Denilir ki, dünyanın herhangi bir yerinde, güzel bir bahar günü, bir kelebeğin kanat çırpması; havayı etkileyerek, bir dizi etkileşim ile bir fırtınalara sebep olabilir. Buna kelebek etkisi deniliyor.

Suriye sahasında gördüğünüz şey, 2011 yılında başlayan Arap Baharının yol açtığı statüko olan Şam'da İran ve Rusya destekli Esad, İdlib'de Türkiye destekli HTŞ ile ABD destekli Kuzey ve Doğu Suriye Bölgesi'nin (Rojava), Gazze'de Hamas'in başlattığı 7 Ekim 2023 tarihli fırtına ve yaktığı ateşin; İngiltere ve ABD destekli İsrail'in karşı ateşi ile birleşip, Suriye'deki statükoyu yıkmasıyla, şimdilik oluşan manzaradır.

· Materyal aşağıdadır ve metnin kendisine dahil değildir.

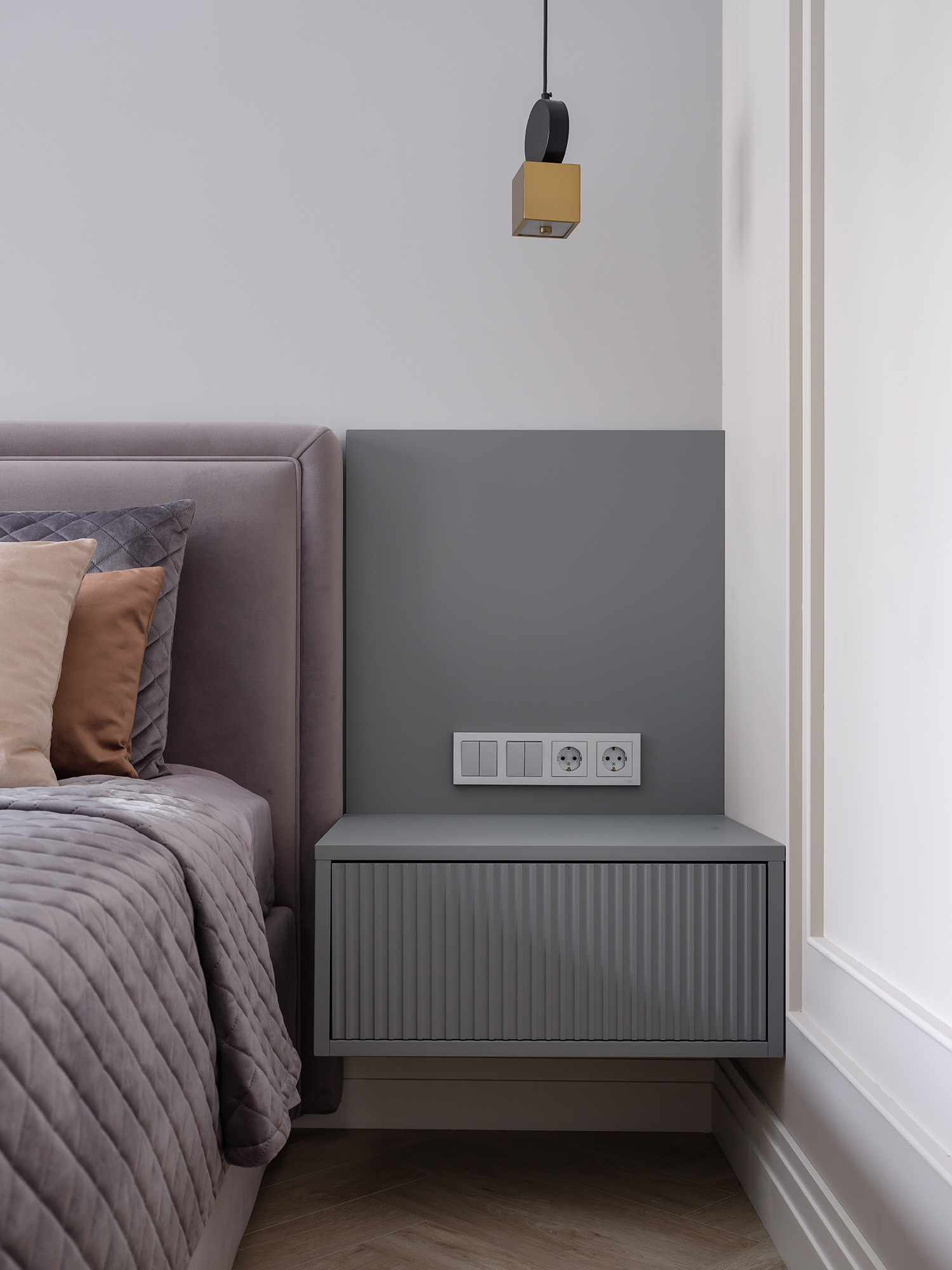 Прикроватная тумба Металлик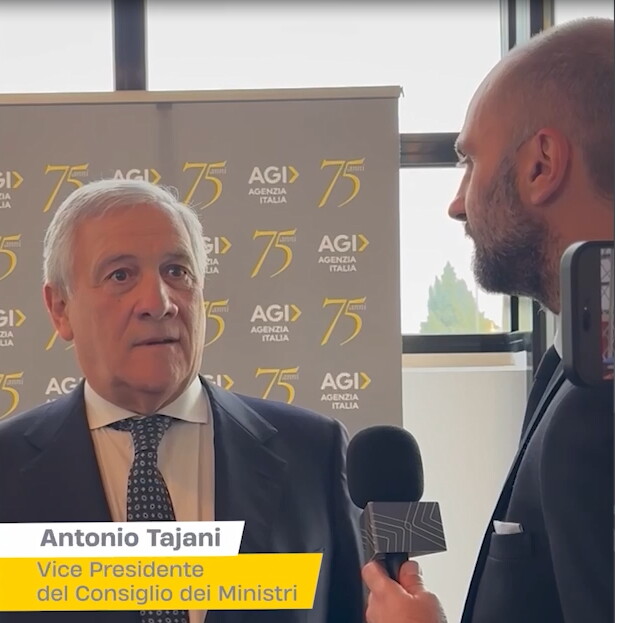 Tajani, Gianni Letta, Boschi e tanti altri. I 75 anni dell'AGI al Gazometro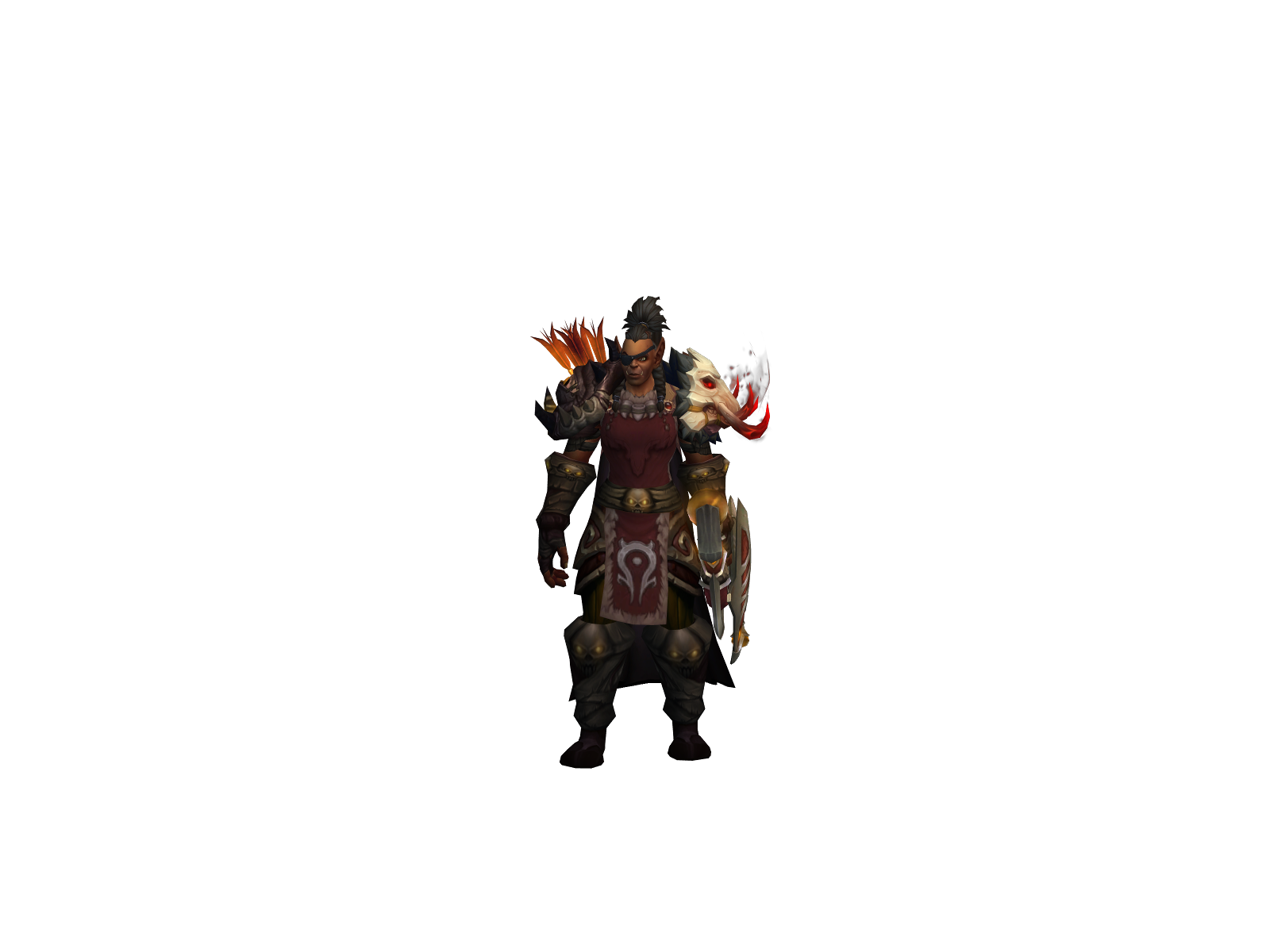 Kahera 3D character render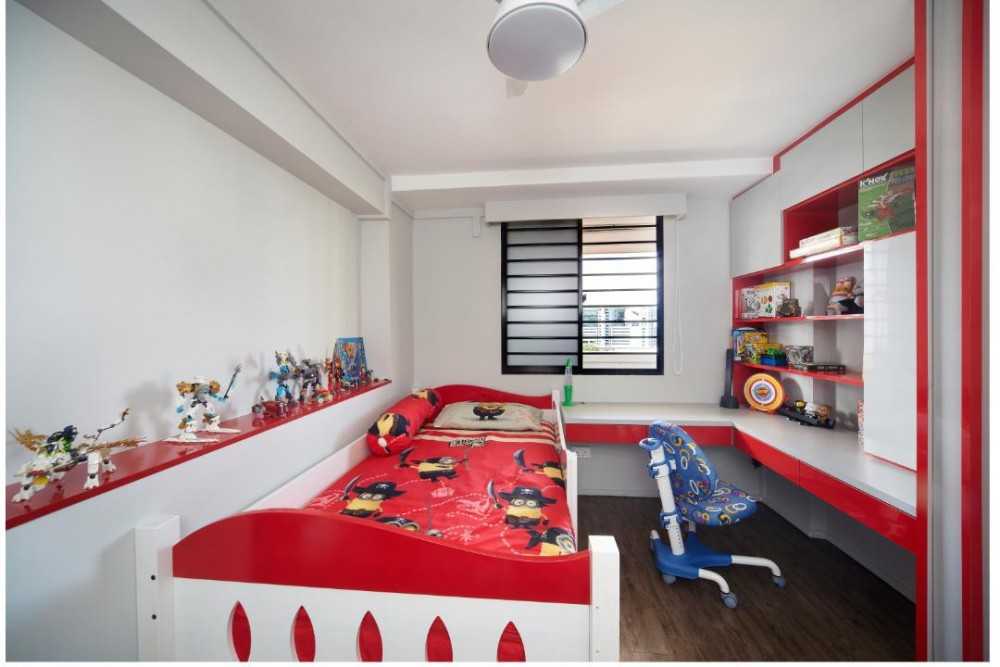 Modern Kids Room with Toys and Children's Furniture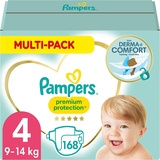 Pampers Premium Protection 8 - 14 kg 168 St.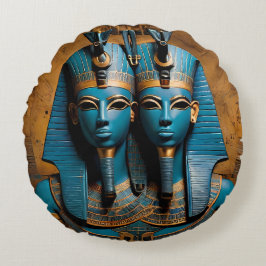 Brand i gudarna rund kudde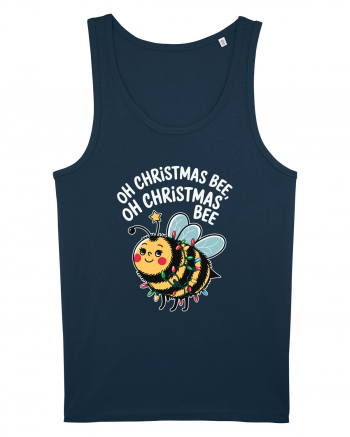 Oh Christmas Bee Navy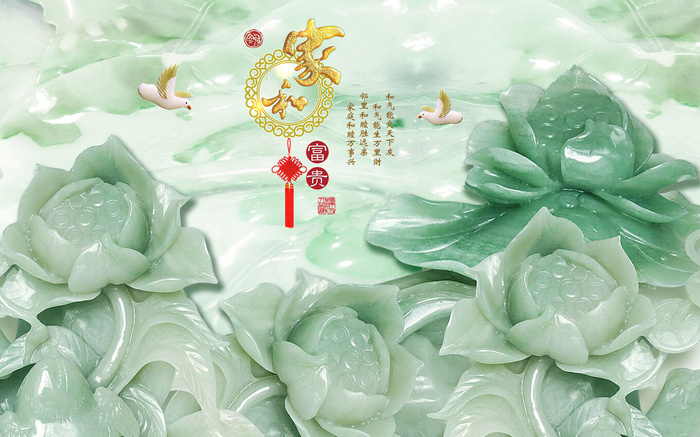 雕塑玉雕背景风景psd模版下载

Suriye sahasında görünen en etkili yerel aktörler SDG ve lideri Mazlum Abdî ile HTŞ ve lideri Colanî (Ahmed Eş-Şara) iken; uluslararası ve bölgesel aktörler Türkiye, İsrail ve ABD doğrudan silahı ve askeriyle sahada, Rusya, İngiltere, İran ve diğerleri diplomasi ile sahada denklemi etkileyen önemli aktörlerdir.

Şu anda eski El Kaide üyesi, sonra El Kaide'nin Suriye'deki oluşumu En Nusra, sonra En Nusra'dan dönüşen HTŞ'nin Lideri Colanî (Ahmed Eş-Şara) 'nin Şam'da Cumhurbaşkanı Koltuğuna oturmasına tüm taraflar ve de aktörler olur vermiş gözüküyor.

En ilginç olanı ise 2012 yılında Suriye'de bir birine karşı savaşan SDG lideri Mazlum Abdî (en önemli bileşeni YPG, SDG sonra kuruldu) ile En Nusra Cephesi ve lideri Colanî'nin Şam'da el sıkışması ve Kuzey Doğu Suriye Bölgesi ile Şam (Suriye Arap Cumhuriyeti) adına anlaşma imzalaması oldu.

Bu anlaşmanın ABD ve Türkiye'nin bilgisi dahilinde ve müdahalelerine açık olması lazım. İngiltere,  Suudi ve İsrail'in de haberdar olduğu anlaşılıyor.

Türkiye'de MHP ve AKP koalisyonu ile Öcalan ve DEM arasında yürütülen, PKK yani Kandil 'in de taraf olduğu sürecin de Şam Mutabakatını etkilediği aşikar.

Bu aşamada Şam Mutabakatı ile herkes rahatlamış bulunuyor.

Rojava konusu savaş ve çatışmadan, uzlaşı ile hukukî ve siyasi zemine çekilmiş, PKK'nin tüm türevleri ile tasfiyesinin yolu açılmış oluyor.

Yol kazaları ve krizler mümkün ve de işin tabiatı gereğidir ama Suriye'de iç cephede çatışma beklenmiyor.

Kürdlerin Rojava dediği, resmî adı Kuzey ve Doğu Suriye Özerk Bölgesi olan sahada ve Suriye genelinde Kürdlerin kazanım sahibi olacağına dair bir umut var.

O da Rojava'da Irak Kürdistan Bölgesinden iki tık aşağı bir siyasi ve idari statü ile Yeni Suriye anayasasında Kürdlerin ismen zikredilmesi ve haklarının güvenceye alınması olarak özetlenebilir.